| TASK DESCRIPTION |
Please output the records below word for word and omit the pictures.

[Records from a collection]
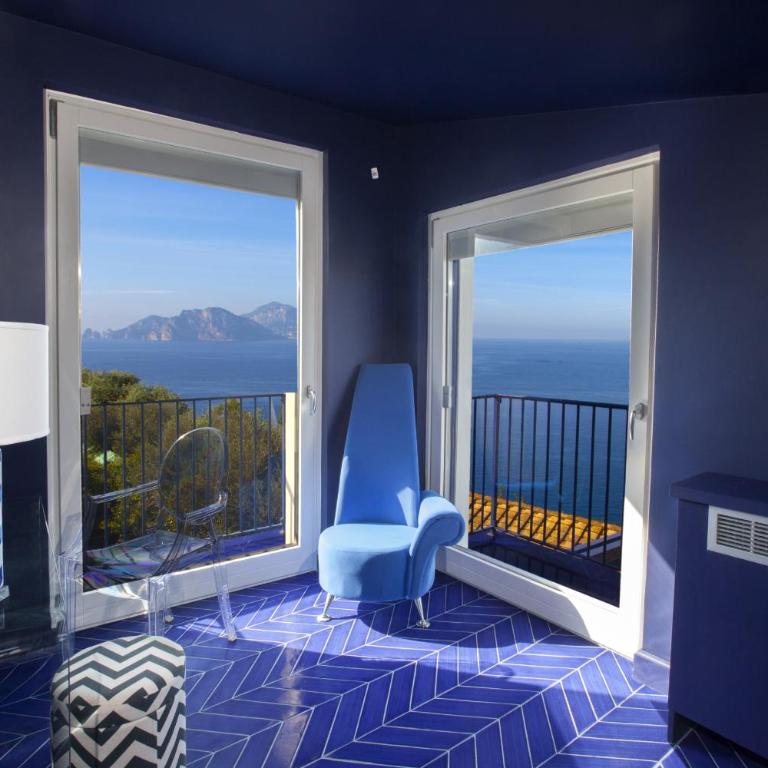 De Vivo Realty - Villa Blue Skyline - Villa con Vista Mare - 6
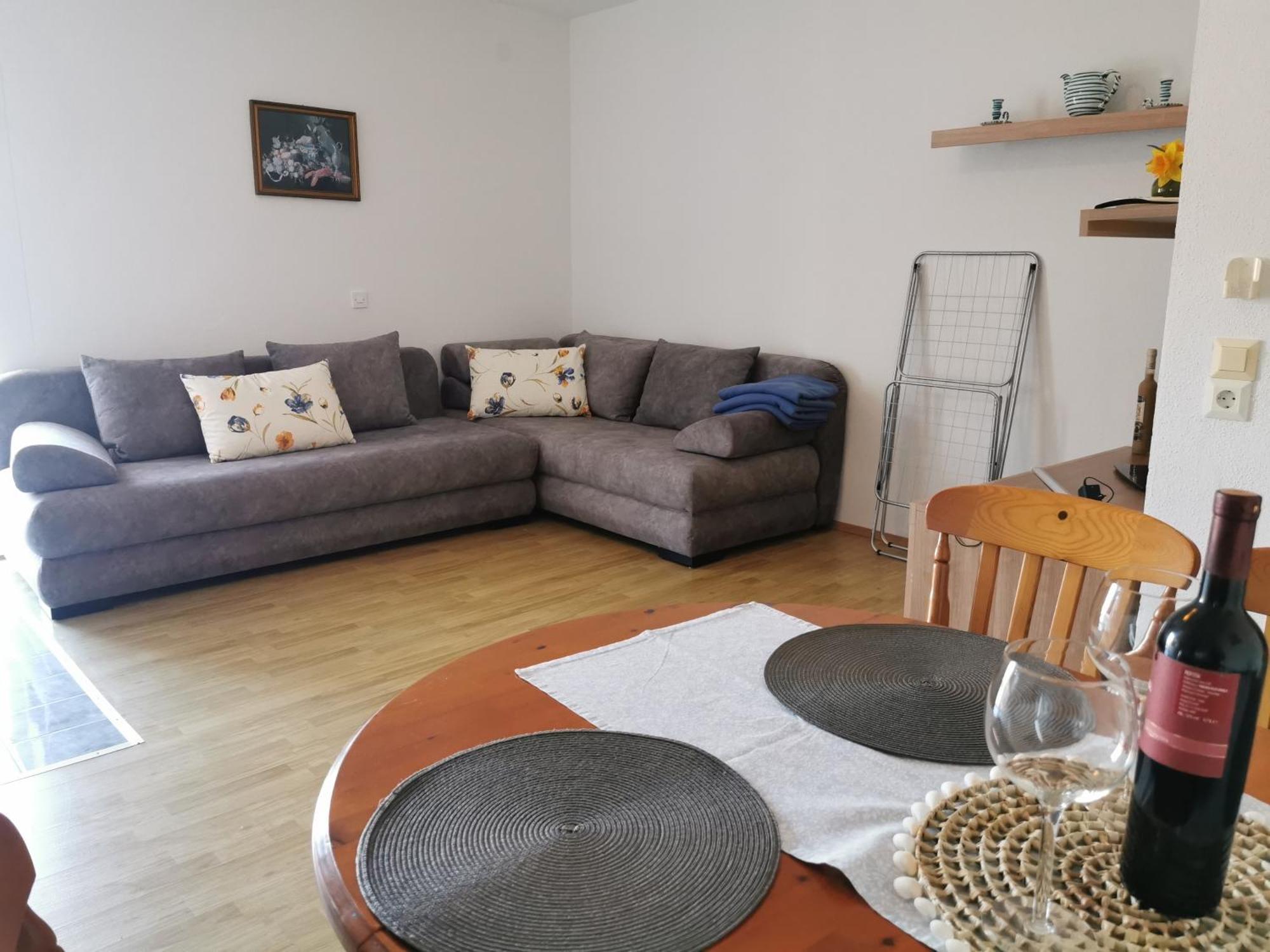 Apartmani Gabi Чезарица Экстерьер фото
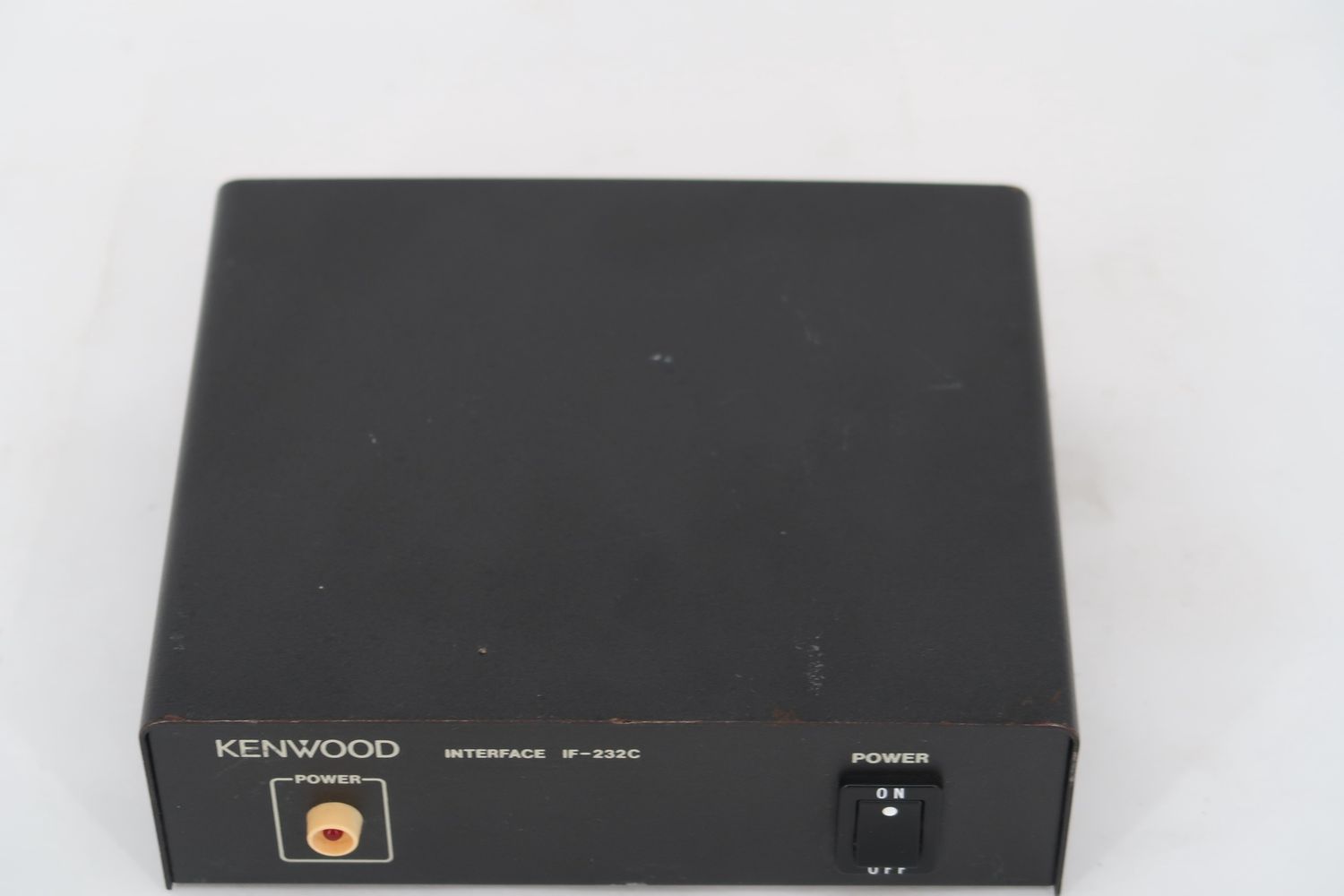 U18640 Used Kenwood IF-232C Interface Unit
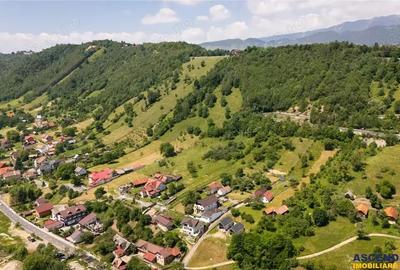 Teren de 1449 mp, în Moieciu - 10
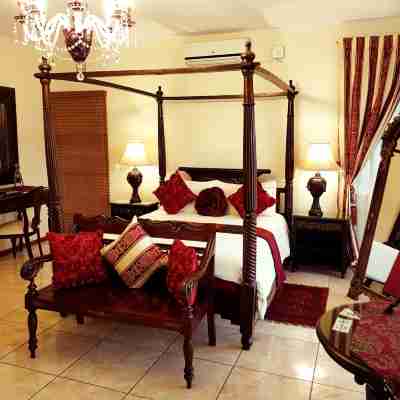 Kimberley Manor Guesthouse Rooms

| EXERCISE RESULT |
 De Vivo Realty - Villa Blue Skyline - Villa con Vista Mare - 6
 Apartmani Gabi Чезарица Экстерьер фото
 U18640 Used Kenwood IF-232C Interface Unit
 Teren de 1449 mp, în Moieciu - 10
 Kimberley Manor Guesthouse Rooms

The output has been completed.